Look at how the entity trusted on the market justify naked shorting

I am far from needing this to know that the SEC is a joke but look at what they publicly show as their reasoning for allowing naked shorting (selling shares without really delivering them):

"Naked short selling is not necessarily a violation of the federal securities laws or the Commission's rules. Indeed, in certain circumstances, naked short selling contributes to market liquidity. For example, broker-dealers that make a market in a security4 generally stand ready to buy and sell the security on a regular and continuous basis at a publicly quoted price, even when there are no other buyers or sellers. Thus, market makers must sell a security to a buyer even when there are temporary shortages of that security available in the market. This may occur, for example, if there is a sudden surge in buying interest in that security, or if few investors are selling the security at that time. Because it may take a market maker considerable time to purchase or arrange to borrow the security, a market maker engaged in bona fide market making, particularly in a fast-moving market, may need to sell the security short without having arranged to borrow shares. This is especially true for market makers in thinly traded, illiquid stocks such as securities quoted on the OTC Bulletin Board,5 as there may be few shares available to purchase or borrow at a given time."

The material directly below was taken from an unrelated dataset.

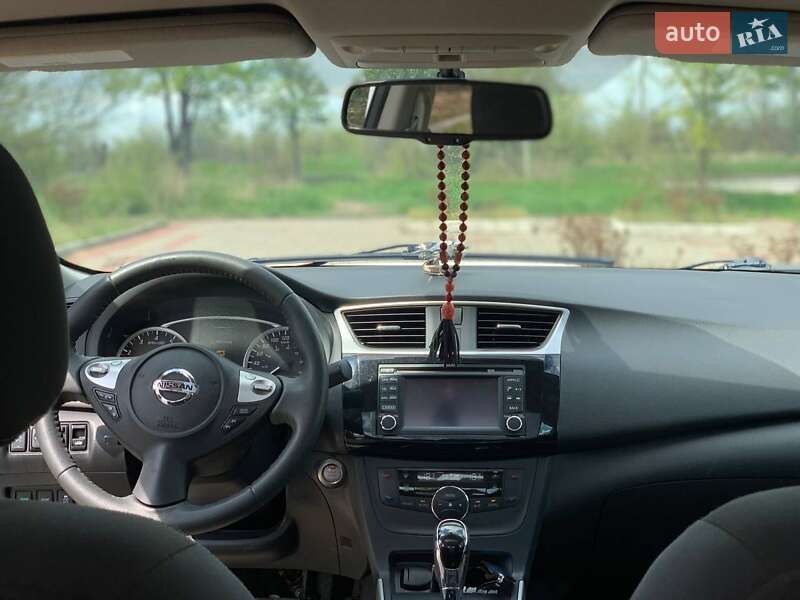 Седан Nissan Sentra 2017 в Запоріжжі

Based on that reasoning it would be a good thing if I also open a store that sells things that it does not actually carry in order to help liquidity in the related market. But ,no, unless the seller declares to the buyer that he is only selling him a promise to deliver the sold item later it is hard to see how that seller would not be liable for the legal consequences of that action. Yes, someone may honestly and without any negligence thinks that he is selling something but circumstances and accidents change that and he becomes unable to deliver the sold thing.  But these situations are generally clear and very far from being justified on the bases of someone "stand ready to buy and sell" something. So what should a market maker do when he cannot find shares to sell? The something anyone in the world outside the stock market would do, simply not sell what he doesn't have. 

Treating things in the stock market this differently from the rules of sound reasoning in the real world is much more a cause for messing and corrupting the stock market than correcting it.
Insist on allowing market makers to sell what the don't have? Then let the buyer know that he is being offered a promise or expectation for the shares offered to him not the actual shares yet. Anything less than that is clearly wrong.

Anyway, it is hard for me to see such reasoning being made with true interest in justice and fairness to begin with.